◆ TASK REQUIREMENTS: Lines from the one containing "2024 Pearson Edexcel" through the end of the listing are what is wanted, given again exactly with both ends included and pictures left out.

◆ COLLECTED MATERIAL:
-*-

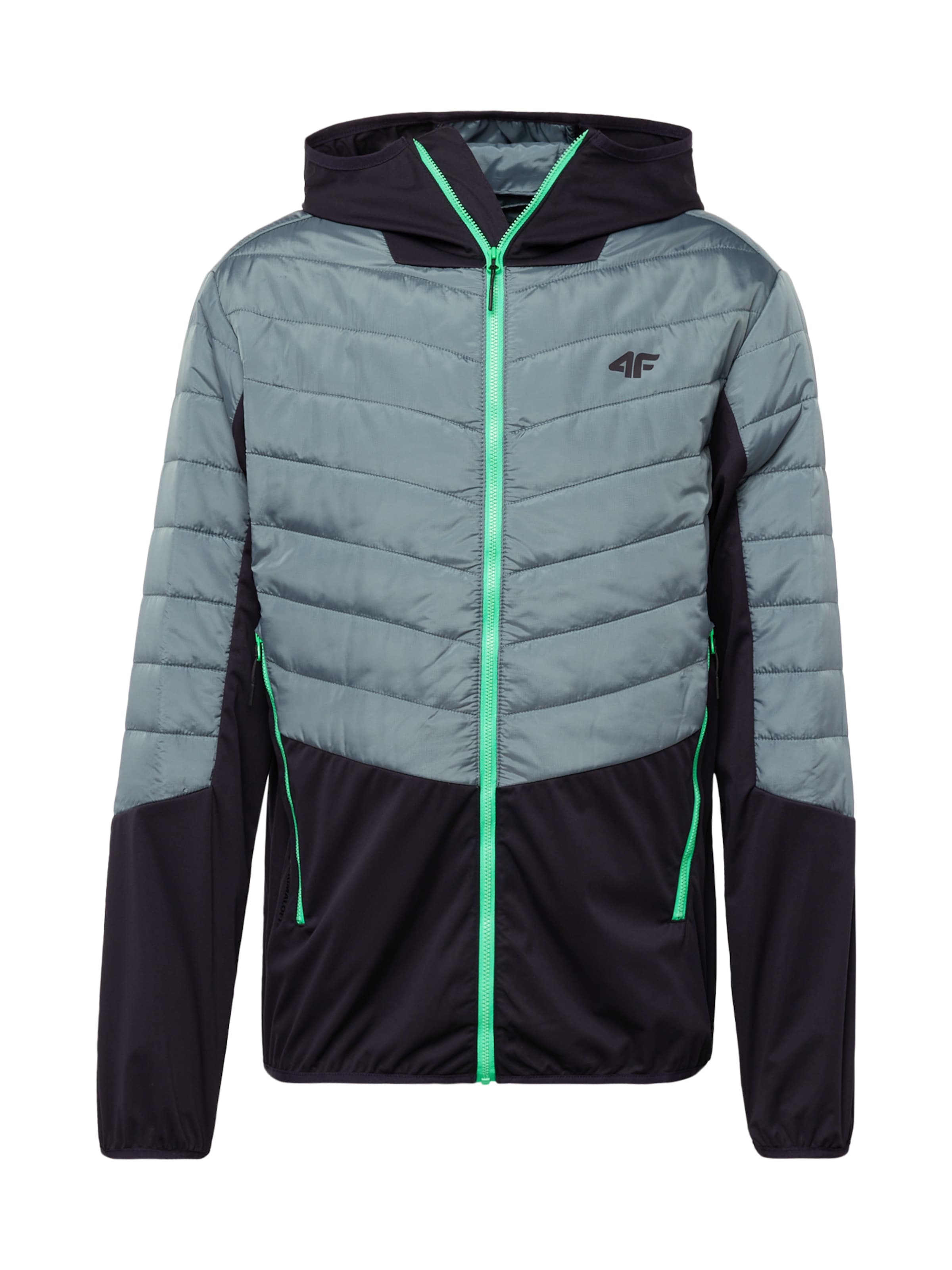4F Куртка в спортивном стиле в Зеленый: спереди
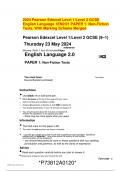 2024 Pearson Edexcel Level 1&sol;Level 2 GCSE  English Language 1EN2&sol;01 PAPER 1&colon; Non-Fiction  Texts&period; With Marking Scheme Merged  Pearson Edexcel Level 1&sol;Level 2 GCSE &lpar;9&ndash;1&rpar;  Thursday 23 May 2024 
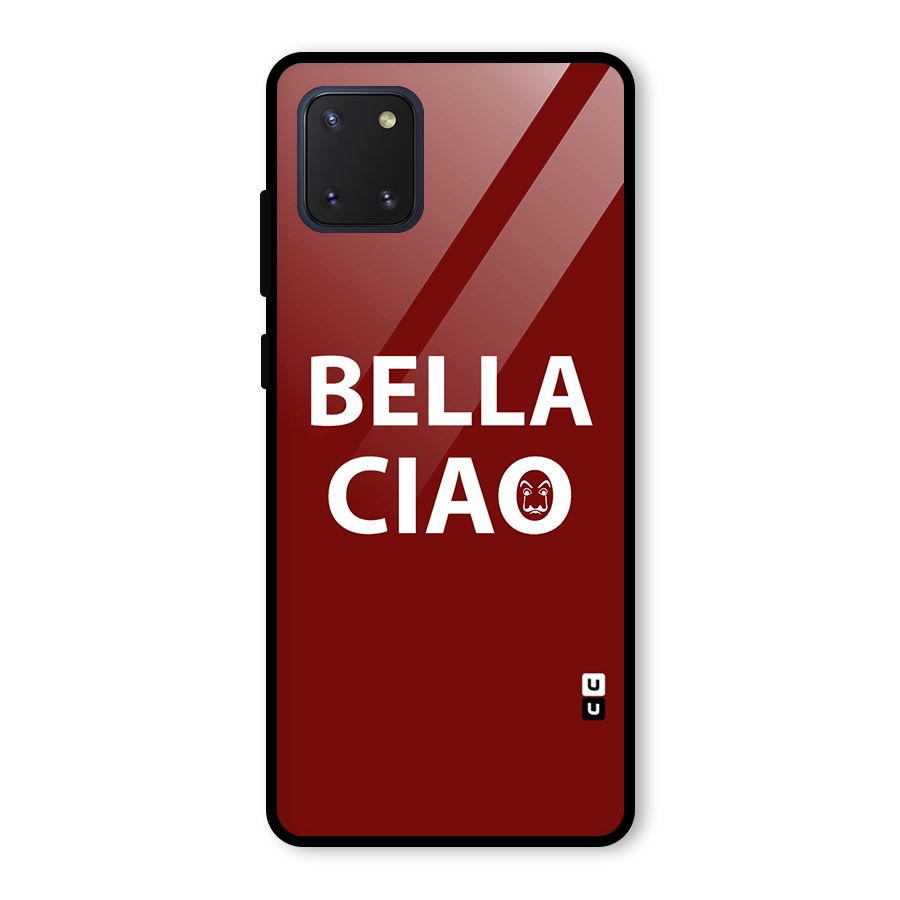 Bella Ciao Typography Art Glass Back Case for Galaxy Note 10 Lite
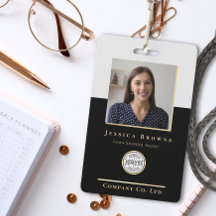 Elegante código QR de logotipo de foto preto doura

-*-

◆ COMPLETED EXERCISE:
 2024 Pearson Edexcel Level 1&sol;Level 2 GCSE  English Language 1EN2&sol;01 PAPER 1&colon; Non-Fiction  Texts&period; With Marking Scheme Merged  Pearson Edexcel Level 1&sol;Level 2 GCSE &lpar;9&ndash;1&rpar;  Thursday 23 May 2024 
 Bella Ciao Typography Art Glass Back Case for Galaxy Note 10 Lite
 Elegante código QR de logotipo de foto preto doura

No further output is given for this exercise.